Once the opening was over, there was pressure for us to pay rates, although there were numerous services still incomplete. A new rating proposal arrived, and we applied for relief under the General Rate Act (for charities). This was not straightforward, and it took until February 1973 before the RDC Treasurer agreed to 50% relief. Meanwhile, there was a drainage agreement to formalize with the County Council for having dug up the road, and a renewal of our planning consent which expired at the end of 1972. This triggered off enquiries as to why we had not complied with all the conditions that had been imposed - like surfacing the car park and building a retaining wall at the back. I had to point out that we had only legally owned the property for just over a year, during which time we had concentrated on its restoration, and now we had exhausted our funds.
May 1973 saw a renewal of our planning consent for one more year. On a tight budget, we could not rush into doing something, and as far as the car park was concerned, I had to take up with the County Surveyor whether he wanted kerbstone edgings, or any particular kind of surface. Also to explain why our opening to the road was more than 20 feet wide, when he had specified that it should not be less than 20 feet wide!

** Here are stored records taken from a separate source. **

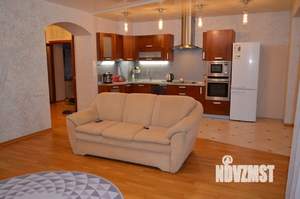 3-к квартира, вторичка, 123м2, 6/17 этаж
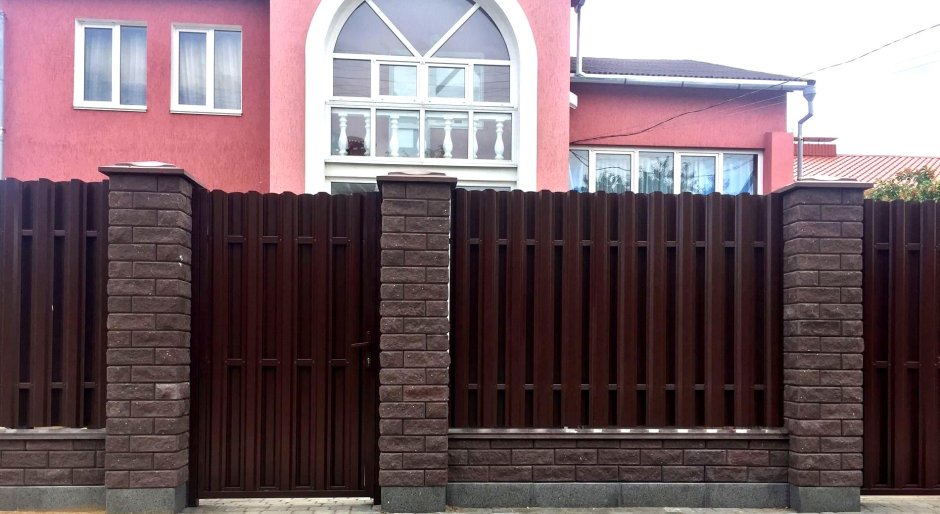 Забор с коричневыми столбами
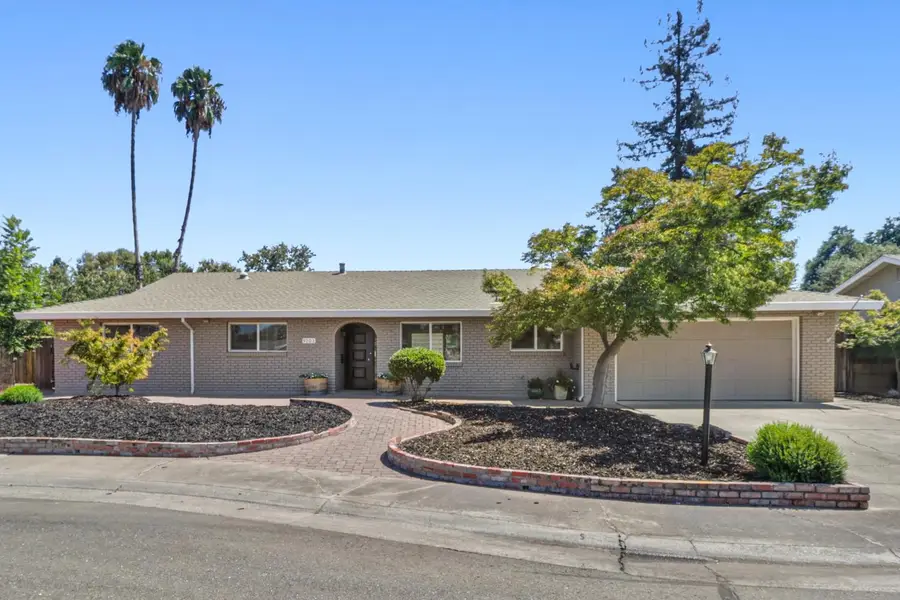 9101 Plaza Park Drive, Elk Grove, CA 95624 - #2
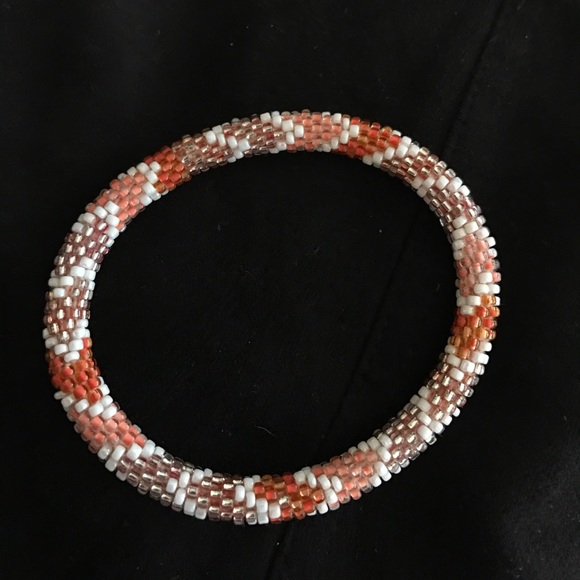 4 cute layer bracelets - Picture 2 of 5
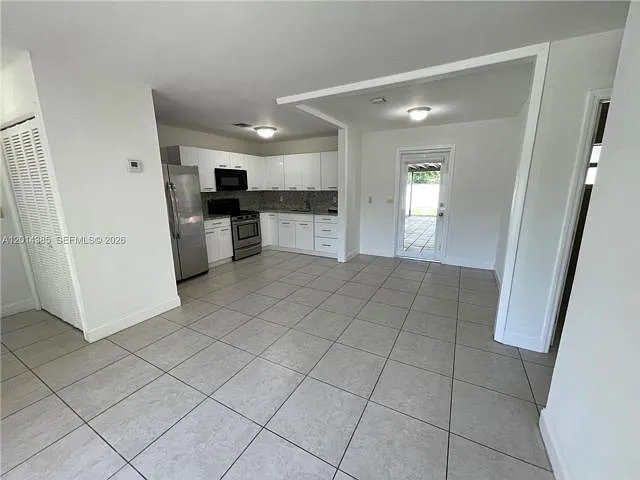 9711 SW 162nd St — Photo 11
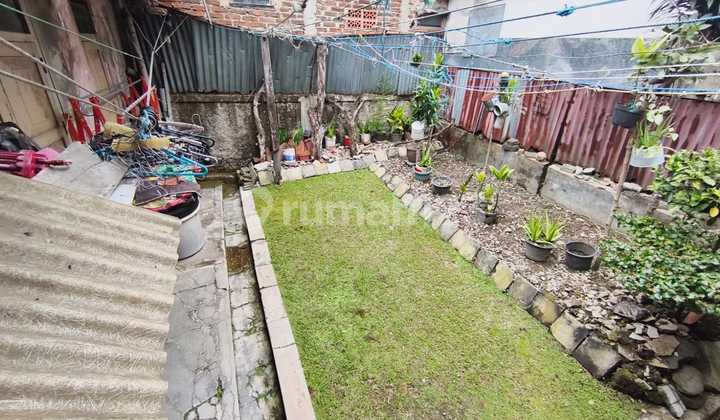 Rumah Hitung Tanah di Jl Baladewa Sayap Jl Pajajaran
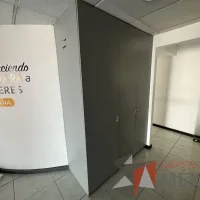 Lote 038 - Gabinete empotrado alto con 2 puertas color gris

There was also the insurance to review, and it became apparent that the existing policy was inadequate as it did not cover the risk of impact from vehicles. In no time, it was April 1974 and the planning consent needed renewing again. This time, by August, we achieved a consent which, although restrictive, is permanent.
There is seldom an end to a story. History is a long-running saga, with Club stalwarts doing sturdy work to improve on existing conditions, cope with vandals and break-ins, and deal with officials who are reluctant to advise you of your entitlements. The Hut Wardens, who bravely shouldered all sorts of responsibilities, were Bob Nunn, Trevor Young, David Musson, Mike Lewis and, by far the longest-running of any, with 16 years at the helm, Ivor Delafield, recently succeeded by David Jacob. To all those members of the Club who showed so much enthusiasm for the job - a big thank you - and I suspect you enjoyed what you did.